Non si placano le tensioni politiche ad Ascea dopo la nomina della nuova giunta da parte del sindaco Stefano Sansone. A intervenire è l’ex vicesindaco Pietro D’Angiolillo, al quale il primo cittadino ha revocato l’incarico lo scorso giugno, che affida ai social un duro attacco alle scelte amministrative del sindaco.
Secondo D’Angiolillo, Sansone avrebbe modificato gli equilibri della maggioranza consiliare «nel tentativo di salvare la sua poltrona», alleandosi con l’ex sindaco Mario Rizzo e con Egidio Criscuolo. L’ex vicesindaco contesta in particolare la nomina ad assessore di Criscuolo, definendola una scelta in contrasto con il risultato elettorale, ricordando che l’attuale componente della giunta era candidato non eletto alle amministrative del 2024.
Nel mirino anche la nomina del nuovo vicesindaco Filippo Dragone. D’Angiolillo evidenzia quella che considera una contraddizione nelle motivazioni addotte dal sindaco, il quale ha richiamato il consenso elettorale ottenuto da Dragone, pur avendo in precedenza revocato l’incarico allo stesso D’Angiolillo, che rivendica un consenso e un’esperienza amministrativa maggiori.
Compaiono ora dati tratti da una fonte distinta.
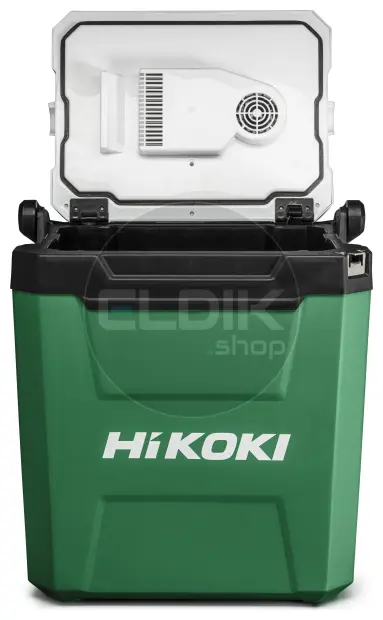 Hikoki UL18DFW4Z Accu koelbox - 18V - Exclusief accu's en lader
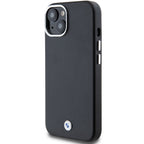 BMW MagSafe dėklas iPhone 15/14/13 – juodas
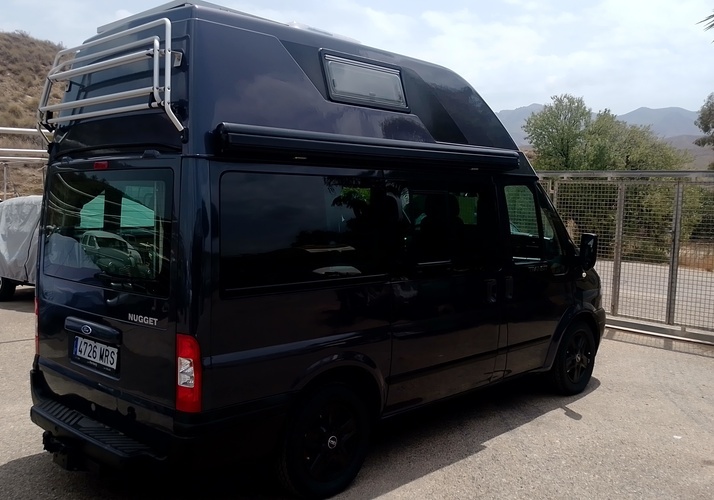 Imagen de un Campervan - Imagen 0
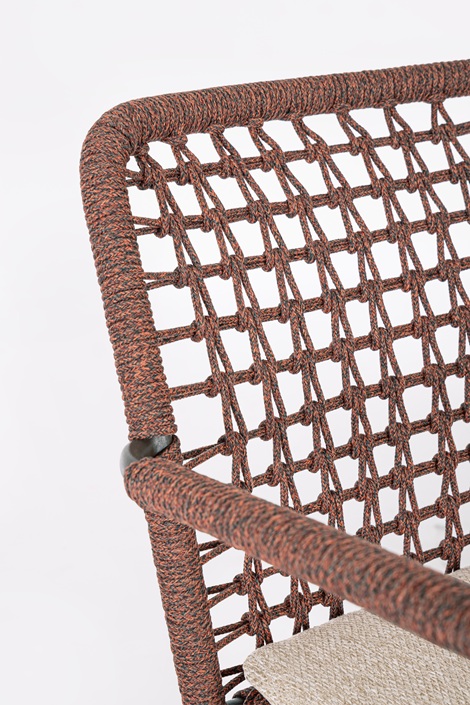 Canar - Silla para exterior - Java (Pack 4 uds) - Imagen 9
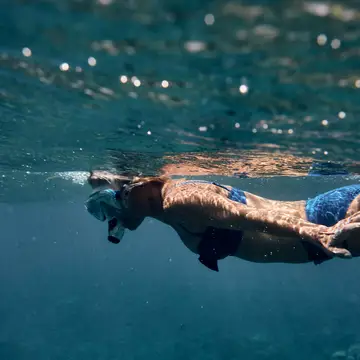 Mergulho com Snorkel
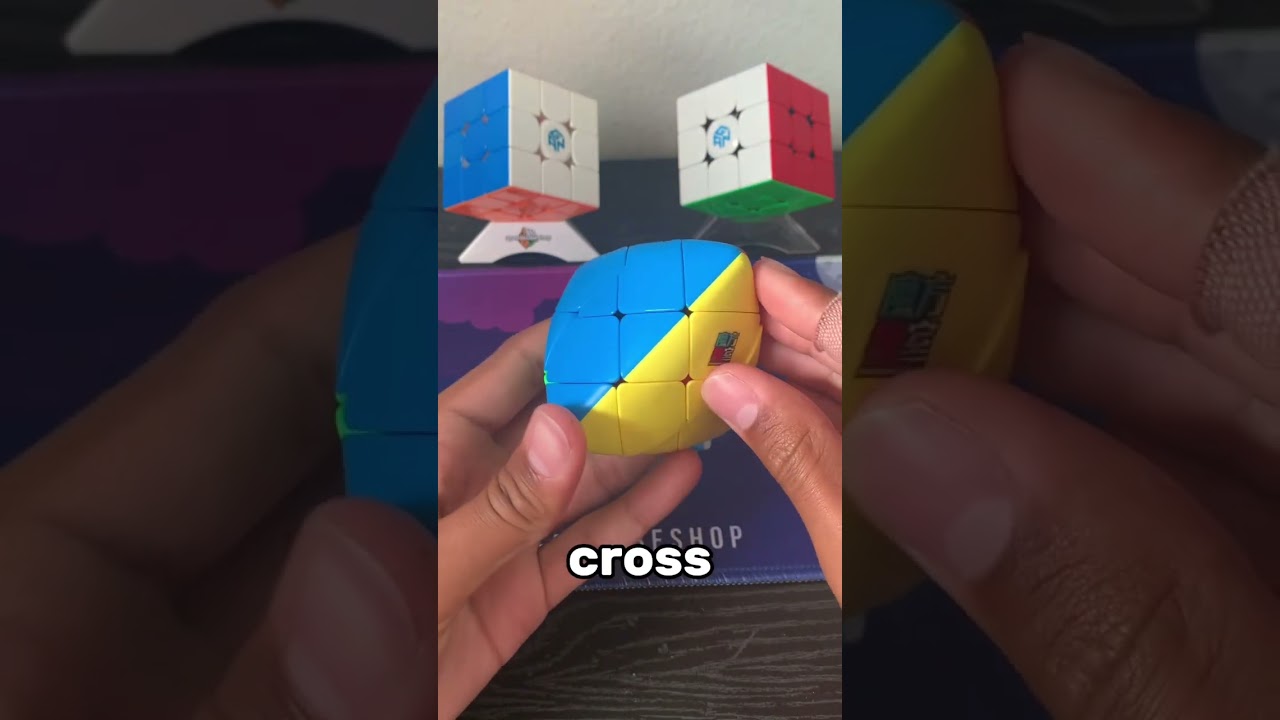 Weirdest 3x3 Shape Mod?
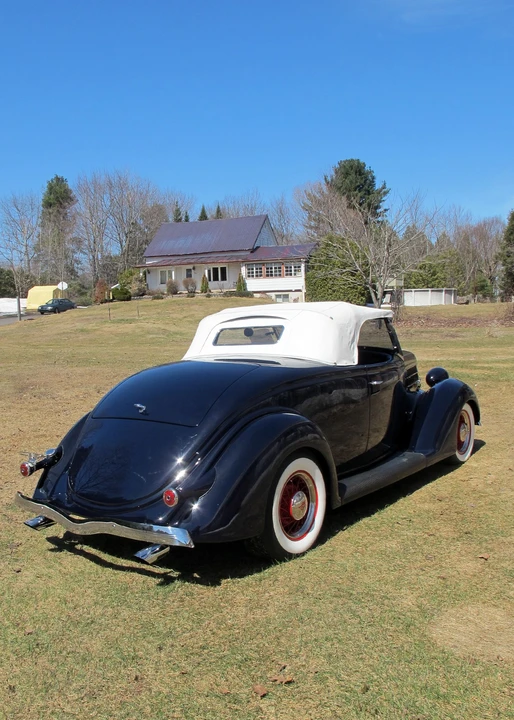 1936 Ford Model 48 & 68 - Image 17 of 31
L’ex vicesindaco critica inoltre l’intesa politica con Mario Rizzo, ricordando che durante la campagna elettorale l’attuale amministrazione aveva attribuito alla precedente gestione la responsabilità del disavanzo finanziario del Comune. «Chi ha perso le elezioni viene premiato e chi le ha vinte viene estromesso», sostiene D’Angiolillo, definendo la decisione «contro la volontà popolare, la coerenza e la decenza.»
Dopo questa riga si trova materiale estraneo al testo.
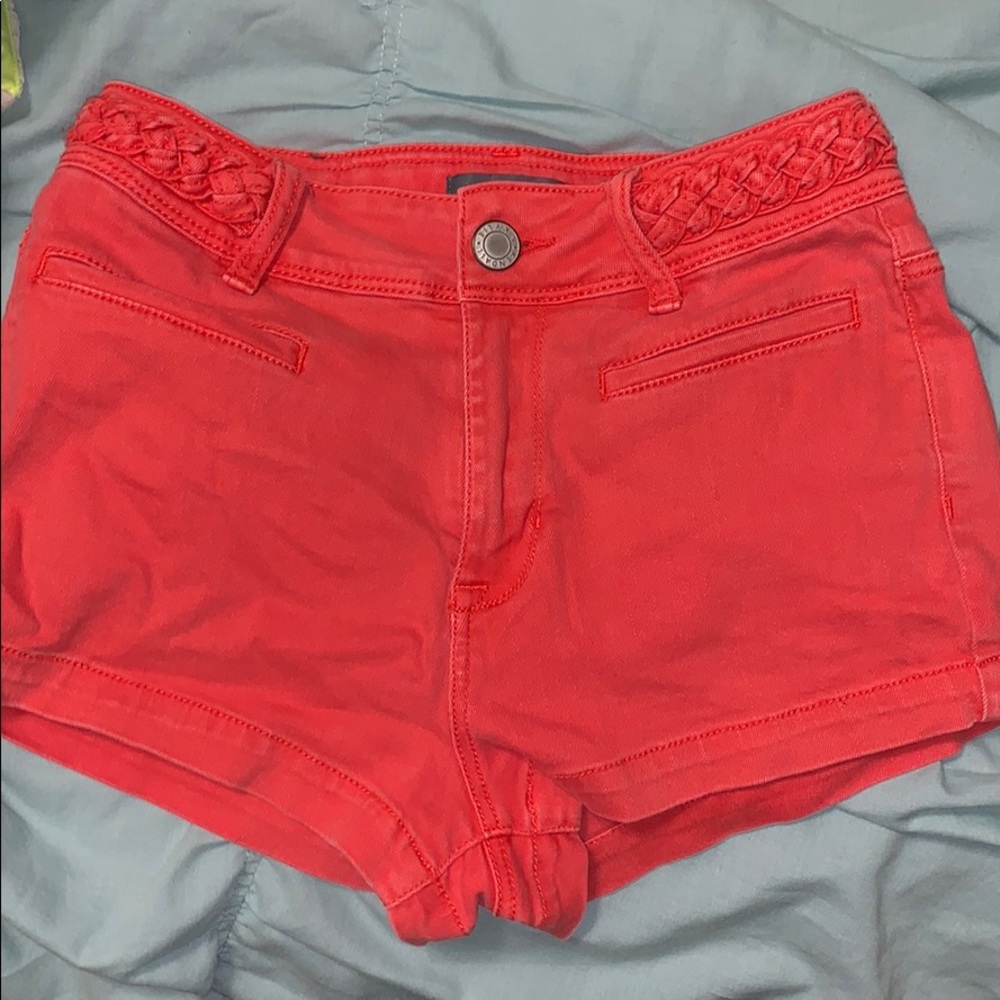 Kendall and Kylie shorts
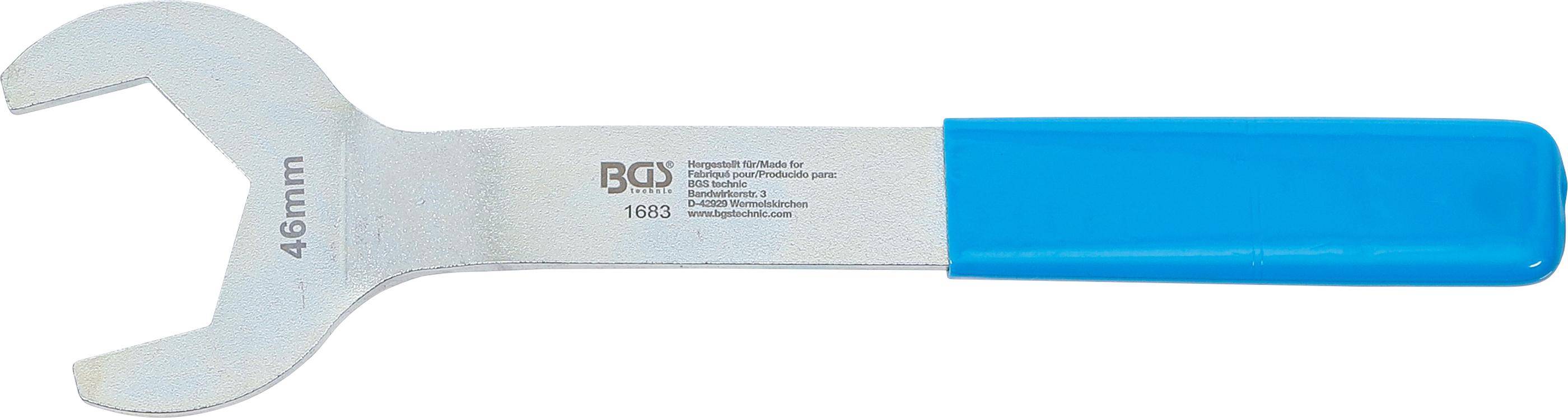 BGS Lfter-Nabenschlssel | fr Opel, GM | 46 mm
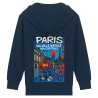 Hoodie Enfant RIM'Style Paris Street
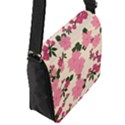 Floral Vintage Flowers Removable Flap Cover (S) View3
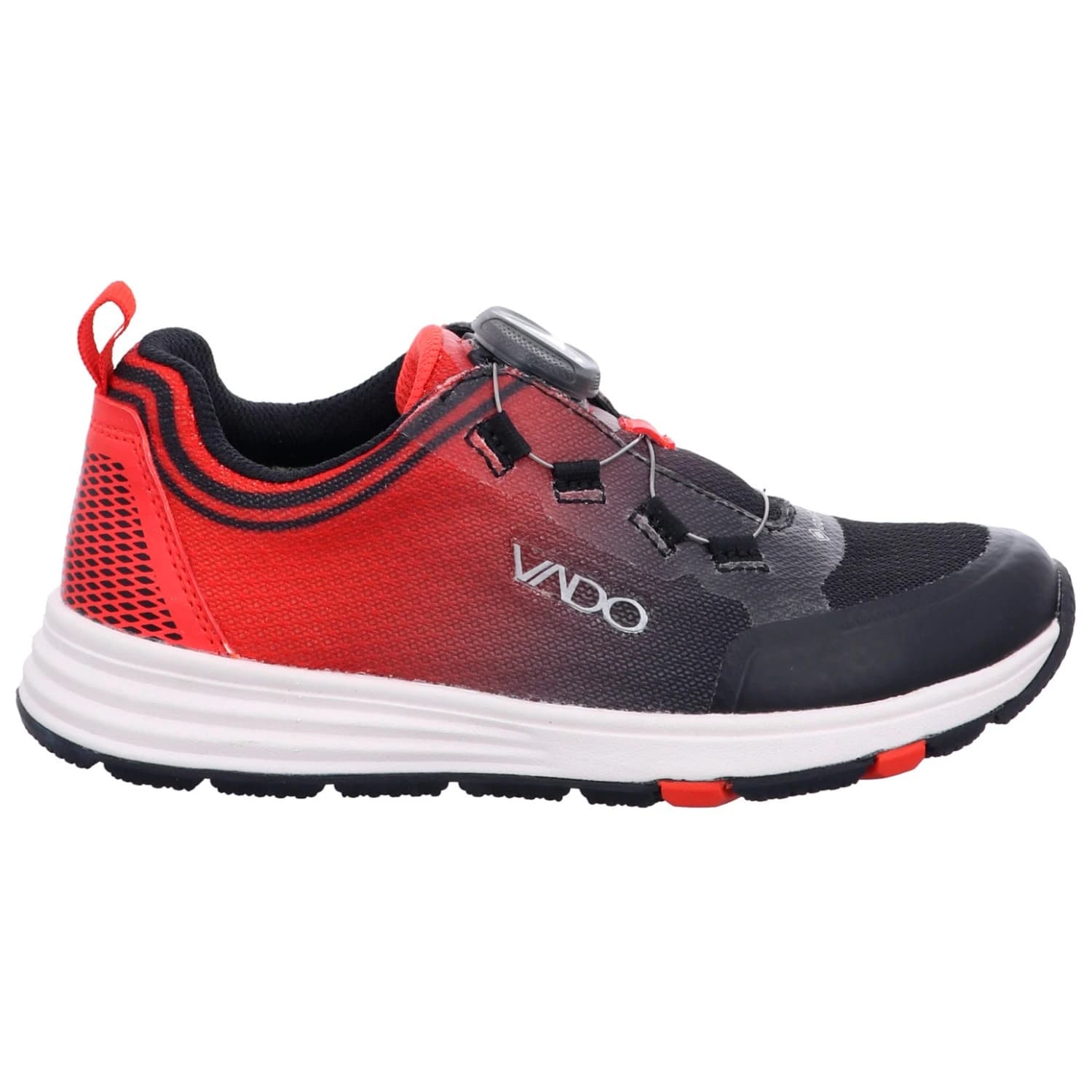 Детски ежедневни обувки Vado Kid's Fade Low Boa GTX Casual shoes - Black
Nel suo intervento non mancano riferimenti ironici alla lista civica “Ascea Futura”, con la proposta provocatoria di sostituirne il simbolo, e una serie di rilievi sull’azione amministrativa. D’Angiolillo cita, tra le criticità, le condizioni del lungomare, gli interventi sulla viabilità, la chiusura del parcheggio nell’area della Scogliera, i lavori della pista ciclabile e la gestione degli eventi estivi, accusando l’amministrazione di privilegiare iniziative celebrative rispetto alla soluzione dei problemi del territorio.
La vicenda si inserisce nel quadro delle tensioni politiche che hanno caratterizzato le ultime settimane ad Ascea, dopo il rimpasto di giunta e la ridefinizione degli assetti della maggioranza consiliare.